That was also the year of the General Strike. The TUC called it off after nine days without winning any concessions from the government, a surrender the miners refused to accept. They stayed out for a further six months and were backed by the ILP.

AJ Cook, general secretary of the Miners’ Federation of Great Britain, and James Maxton, the new ILP chairman, issued a joint manifesto urging the Labour Party to move from gradualism to a more radical position, and thus counter the challenge of the Communist Party (CPGB) which had been formed at the beginning of the decade.

The manifesto had little effect, although in Lancashire it led ILP members to condemn the Labour Party as “compromisers whose only object was office”,7 and declare their own “unceasing war against poverty and working-class servitude”8. The missing minutes would establish the precise response of the Blackburn branch, but in their absence there is no reason to think that Johnnie would have disagreed with these sentiments.

The deepening rift

Socialism In Our Time and the Cook-Maxton manifesto deepened the rift within the political left, and the ILP was the main casualty.
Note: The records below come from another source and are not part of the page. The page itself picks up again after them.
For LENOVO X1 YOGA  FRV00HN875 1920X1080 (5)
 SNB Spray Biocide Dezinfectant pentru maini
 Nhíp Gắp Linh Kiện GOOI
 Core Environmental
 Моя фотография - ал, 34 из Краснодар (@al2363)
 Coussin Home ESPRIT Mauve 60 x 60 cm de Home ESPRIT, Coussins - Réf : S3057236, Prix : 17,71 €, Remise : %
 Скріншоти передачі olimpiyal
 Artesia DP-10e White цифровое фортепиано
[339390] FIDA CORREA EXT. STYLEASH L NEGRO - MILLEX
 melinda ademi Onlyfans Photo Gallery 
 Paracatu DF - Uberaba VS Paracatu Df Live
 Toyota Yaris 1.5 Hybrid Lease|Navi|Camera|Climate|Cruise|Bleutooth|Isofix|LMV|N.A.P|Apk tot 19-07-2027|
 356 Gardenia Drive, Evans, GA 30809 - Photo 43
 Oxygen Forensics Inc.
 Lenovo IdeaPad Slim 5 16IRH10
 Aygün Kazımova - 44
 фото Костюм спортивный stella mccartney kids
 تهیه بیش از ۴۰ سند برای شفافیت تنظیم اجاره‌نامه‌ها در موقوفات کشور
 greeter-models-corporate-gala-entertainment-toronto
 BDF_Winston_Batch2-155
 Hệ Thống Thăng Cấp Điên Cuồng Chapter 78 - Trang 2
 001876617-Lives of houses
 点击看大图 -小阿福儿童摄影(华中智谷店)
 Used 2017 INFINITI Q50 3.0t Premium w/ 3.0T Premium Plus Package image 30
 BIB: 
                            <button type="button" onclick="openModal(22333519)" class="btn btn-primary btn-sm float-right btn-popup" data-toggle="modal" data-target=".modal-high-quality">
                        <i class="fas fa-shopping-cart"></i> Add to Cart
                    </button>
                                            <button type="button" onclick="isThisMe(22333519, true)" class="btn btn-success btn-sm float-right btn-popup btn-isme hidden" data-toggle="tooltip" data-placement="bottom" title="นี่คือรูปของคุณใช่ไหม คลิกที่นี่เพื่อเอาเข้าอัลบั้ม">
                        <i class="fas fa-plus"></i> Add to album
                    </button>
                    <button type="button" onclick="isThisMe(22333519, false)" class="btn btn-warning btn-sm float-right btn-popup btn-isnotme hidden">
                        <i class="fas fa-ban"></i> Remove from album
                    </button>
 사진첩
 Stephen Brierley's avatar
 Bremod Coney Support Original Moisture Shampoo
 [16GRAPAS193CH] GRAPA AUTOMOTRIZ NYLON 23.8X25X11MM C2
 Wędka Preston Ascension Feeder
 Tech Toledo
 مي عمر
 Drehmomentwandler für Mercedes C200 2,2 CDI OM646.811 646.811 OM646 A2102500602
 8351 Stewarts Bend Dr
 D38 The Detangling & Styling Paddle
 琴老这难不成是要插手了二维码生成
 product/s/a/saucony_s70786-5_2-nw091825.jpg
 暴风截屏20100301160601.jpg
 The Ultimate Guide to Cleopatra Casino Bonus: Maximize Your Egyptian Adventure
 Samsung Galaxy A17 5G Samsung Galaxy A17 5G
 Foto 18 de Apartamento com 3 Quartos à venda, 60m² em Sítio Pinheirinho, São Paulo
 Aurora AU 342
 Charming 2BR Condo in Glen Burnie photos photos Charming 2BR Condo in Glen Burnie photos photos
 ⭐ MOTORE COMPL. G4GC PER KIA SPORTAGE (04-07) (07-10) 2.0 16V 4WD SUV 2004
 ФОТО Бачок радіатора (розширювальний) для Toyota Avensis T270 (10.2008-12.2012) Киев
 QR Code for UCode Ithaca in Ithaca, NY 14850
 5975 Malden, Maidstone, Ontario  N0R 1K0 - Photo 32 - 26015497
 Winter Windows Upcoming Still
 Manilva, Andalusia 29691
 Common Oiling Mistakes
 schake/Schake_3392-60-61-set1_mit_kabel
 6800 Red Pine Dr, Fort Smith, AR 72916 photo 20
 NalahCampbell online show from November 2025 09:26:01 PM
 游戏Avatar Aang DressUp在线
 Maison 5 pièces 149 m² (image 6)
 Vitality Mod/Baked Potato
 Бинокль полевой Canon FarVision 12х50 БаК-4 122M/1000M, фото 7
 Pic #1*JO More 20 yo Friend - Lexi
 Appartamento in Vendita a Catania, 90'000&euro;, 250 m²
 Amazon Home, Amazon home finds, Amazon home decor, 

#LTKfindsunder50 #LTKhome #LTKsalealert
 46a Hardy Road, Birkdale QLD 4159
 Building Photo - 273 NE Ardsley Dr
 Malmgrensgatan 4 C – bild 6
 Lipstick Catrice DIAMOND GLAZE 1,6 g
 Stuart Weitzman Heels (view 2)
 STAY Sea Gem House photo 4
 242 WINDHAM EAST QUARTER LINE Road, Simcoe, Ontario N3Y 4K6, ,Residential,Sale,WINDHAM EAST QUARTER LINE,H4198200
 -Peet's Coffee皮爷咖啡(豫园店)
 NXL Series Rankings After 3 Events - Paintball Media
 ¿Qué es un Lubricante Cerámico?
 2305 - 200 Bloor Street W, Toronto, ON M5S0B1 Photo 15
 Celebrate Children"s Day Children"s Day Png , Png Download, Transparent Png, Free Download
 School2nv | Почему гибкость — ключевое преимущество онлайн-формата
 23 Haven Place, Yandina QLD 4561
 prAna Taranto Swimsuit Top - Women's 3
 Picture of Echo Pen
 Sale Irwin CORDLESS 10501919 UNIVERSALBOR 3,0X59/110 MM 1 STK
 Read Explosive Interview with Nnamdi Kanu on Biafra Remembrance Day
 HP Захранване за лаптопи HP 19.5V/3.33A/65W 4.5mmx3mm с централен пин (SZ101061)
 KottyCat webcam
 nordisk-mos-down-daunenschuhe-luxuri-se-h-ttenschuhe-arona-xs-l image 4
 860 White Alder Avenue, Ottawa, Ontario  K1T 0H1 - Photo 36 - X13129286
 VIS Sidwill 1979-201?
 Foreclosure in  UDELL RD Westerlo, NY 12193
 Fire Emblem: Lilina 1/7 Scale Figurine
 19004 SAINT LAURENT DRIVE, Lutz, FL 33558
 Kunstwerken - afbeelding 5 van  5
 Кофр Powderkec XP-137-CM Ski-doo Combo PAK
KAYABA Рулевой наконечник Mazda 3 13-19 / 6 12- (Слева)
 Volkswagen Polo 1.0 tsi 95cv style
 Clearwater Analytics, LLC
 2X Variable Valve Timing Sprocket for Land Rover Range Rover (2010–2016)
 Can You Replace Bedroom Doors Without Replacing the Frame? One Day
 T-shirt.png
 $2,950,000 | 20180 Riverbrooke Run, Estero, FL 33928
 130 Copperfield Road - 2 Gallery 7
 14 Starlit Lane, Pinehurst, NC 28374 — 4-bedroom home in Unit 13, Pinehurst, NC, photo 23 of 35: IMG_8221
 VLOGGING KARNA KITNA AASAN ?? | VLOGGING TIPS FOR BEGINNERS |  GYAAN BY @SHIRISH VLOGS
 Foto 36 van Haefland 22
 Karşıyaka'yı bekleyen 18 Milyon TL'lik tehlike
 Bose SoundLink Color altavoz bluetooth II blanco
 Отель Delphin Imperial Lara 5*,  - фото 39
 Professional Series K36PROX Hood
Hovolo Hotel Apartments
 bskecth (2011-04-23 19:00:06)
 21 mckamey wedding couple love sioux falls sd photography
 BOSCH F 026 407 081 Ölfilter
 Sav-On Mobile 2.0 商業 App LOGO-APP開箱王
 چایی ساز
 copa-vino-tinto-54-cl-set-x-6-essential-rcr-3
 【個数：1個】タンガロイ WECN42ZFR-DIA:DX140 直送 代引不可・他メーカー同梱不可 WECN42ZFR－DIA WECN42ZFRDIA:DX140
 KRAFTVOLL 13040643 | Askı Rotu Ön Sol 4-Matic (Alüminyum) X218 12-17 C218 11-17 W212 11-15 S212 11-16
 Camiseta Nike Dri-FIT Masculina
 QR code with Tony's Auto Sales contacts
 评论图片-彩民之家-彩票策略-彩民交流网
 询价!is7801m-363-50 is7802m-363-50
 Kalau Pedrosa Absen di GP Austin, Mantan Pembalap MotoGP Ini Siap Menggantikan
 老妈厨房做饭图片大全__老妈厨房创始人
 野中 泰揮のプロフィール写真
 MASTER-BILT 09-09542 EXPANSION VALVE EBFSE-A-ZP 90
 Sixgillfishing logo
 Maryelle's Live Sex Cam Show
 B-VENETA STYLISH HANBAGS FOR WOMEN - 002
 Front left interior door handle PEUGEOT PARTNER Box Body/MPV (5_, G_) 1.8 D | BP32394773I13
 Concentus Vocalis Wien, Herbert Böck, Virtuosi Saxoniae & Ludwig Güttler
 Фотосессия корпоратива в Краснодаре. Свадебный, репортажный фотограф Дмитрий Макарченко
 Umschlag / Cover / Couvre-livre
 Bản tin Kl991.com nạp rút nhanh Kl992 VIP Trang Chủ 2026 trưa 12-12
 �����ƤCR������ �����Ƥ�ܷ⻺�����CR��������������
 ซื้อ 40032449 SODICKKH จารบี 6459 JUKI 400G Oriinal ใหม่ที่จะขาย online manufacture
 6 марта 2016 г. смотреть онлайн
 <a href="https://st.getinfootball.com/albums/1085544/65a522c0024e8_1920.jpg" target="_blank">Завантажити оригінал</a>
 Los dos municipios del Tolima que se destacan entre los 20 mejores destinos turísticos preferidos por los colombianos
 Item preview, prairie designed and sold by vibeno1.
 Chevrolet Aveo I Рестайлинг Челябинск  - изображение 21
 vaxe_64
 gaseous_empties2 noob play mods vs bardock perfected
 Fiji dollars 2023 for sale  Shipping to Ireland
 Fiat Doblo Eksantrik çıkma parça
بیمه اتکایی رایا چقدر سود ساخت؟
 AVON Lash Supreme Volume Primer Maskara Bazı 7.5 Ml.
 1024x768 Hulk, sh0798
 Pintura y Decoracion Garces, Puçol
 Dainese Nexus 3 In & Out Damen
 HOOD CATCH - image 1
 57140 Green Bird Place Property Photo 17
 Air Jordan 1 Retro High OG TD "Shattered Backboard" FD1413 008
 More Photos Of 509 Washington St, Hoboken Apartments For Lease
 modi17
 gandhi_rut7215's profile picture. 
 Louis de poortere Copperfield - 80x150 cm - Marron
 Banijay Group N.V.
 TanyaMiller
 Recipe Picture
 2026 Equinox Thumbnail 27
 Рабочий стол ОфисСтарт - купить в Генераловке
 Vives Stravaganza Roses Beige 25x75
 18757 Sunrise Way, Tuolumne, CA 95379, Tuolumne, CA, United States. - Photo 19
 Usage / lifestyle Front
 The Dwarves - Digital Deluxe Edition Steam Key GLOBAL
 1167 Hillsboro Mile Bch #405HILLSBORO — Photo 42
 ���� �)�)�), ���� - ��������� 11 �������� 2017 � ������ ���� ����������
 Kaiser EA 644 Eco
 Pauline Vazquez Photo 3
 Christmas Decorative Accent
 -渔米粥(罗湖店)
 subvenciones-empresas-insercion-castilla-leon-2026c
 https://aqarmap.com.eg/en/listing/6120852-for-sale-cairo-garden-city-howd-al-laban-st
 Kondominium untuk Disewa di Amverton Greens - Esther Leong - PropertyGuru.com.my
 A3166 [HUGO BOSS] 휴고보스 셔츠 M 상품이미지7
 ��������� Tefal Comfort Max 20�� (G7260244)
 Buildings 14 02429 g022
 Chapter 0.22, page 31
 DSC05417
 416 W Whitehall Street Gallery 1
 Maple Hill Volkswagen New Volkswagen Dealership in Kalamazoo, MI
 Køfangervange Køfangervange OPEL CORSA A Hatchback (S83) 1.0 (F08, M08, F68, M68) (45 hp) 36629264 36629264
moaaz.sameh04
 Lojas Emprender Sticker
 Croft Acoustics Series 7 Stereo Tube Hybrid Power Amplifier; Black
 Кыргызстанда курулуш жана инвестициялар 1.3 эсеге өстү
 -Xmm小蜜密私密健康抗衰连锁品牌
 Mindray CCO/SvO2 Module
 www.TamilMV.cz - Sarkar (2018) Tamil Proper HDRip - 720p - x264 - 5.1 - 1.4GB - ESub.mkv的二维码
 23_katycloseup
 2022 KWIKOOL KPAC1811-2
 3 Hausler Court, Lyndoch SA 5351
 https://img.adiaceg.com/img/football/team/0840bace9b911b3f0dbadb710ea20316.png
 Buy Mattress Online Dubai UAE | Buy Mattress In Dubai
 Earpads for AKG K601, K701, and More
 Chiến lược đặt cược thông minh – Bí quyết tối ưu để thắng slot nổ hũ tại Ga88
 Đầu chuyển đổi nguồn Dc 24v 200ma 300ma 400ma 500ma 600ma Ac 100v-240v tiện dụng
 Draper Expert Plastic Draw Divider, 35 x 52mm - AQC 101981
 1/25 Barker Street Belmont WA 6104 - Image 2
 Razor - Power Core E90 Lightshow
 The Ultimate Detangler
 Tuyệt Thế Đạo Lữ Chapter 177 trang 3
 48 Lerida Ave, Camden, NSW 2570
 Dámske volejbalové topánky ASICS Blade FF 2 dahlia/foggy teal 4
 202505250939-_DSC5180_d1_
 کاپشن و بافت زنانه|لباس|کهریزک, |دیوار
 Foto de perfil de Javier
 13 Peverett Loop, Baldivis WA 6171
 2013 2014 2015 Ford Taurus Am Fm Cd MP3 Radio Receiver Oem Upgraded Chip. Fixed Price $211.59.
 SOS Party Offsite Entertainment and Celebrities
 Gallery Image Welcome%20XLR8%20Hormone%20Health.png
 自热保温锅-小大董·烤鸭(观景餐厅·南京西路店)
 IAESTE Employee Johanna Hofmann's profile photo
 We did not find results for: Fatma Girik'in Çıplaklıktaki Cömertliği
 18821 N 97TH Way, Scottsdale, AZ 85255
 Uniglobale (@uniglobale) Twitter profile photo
It lost much of its moderate members to the Labour Party and its revolutionary wing to the CPGB, so that its 1,075 branches in 1926 were reduced to 746 by 1929.9

Nevertheless, the ILP sponsored 58 candidates in the 1929 general election, 37 of whom were elected, and Labour was able to form its second government with MacDonald again Prime Minister.

It was the first time all adults over 21 were able to vote and the 22-year-old Johnnie cast his ballot for Mary Hamilton, Labour’s candidate in the Blackburn constituency. She won, but her party’s reluctance to promote socialist measures mortified the ILP. Indeed, when Snowden used the slump in trade that followed the Wall Street Crash as an excuse for omitting nationalisation from his 1930 budget, Johnnie may well have supported the alternative submitted by the Chancellor of the Duchy of Lancaster.

That was Oswald Mosley who proposed to create jobs by nationalising industry, introducing a liberal credit scheme and increasing pensions to encourage early retirement. The Cabinet rejected Mosley’s plan leading him to resign from both the government and the ILP. Within two years he had formed the British Union of Fascists (BUF).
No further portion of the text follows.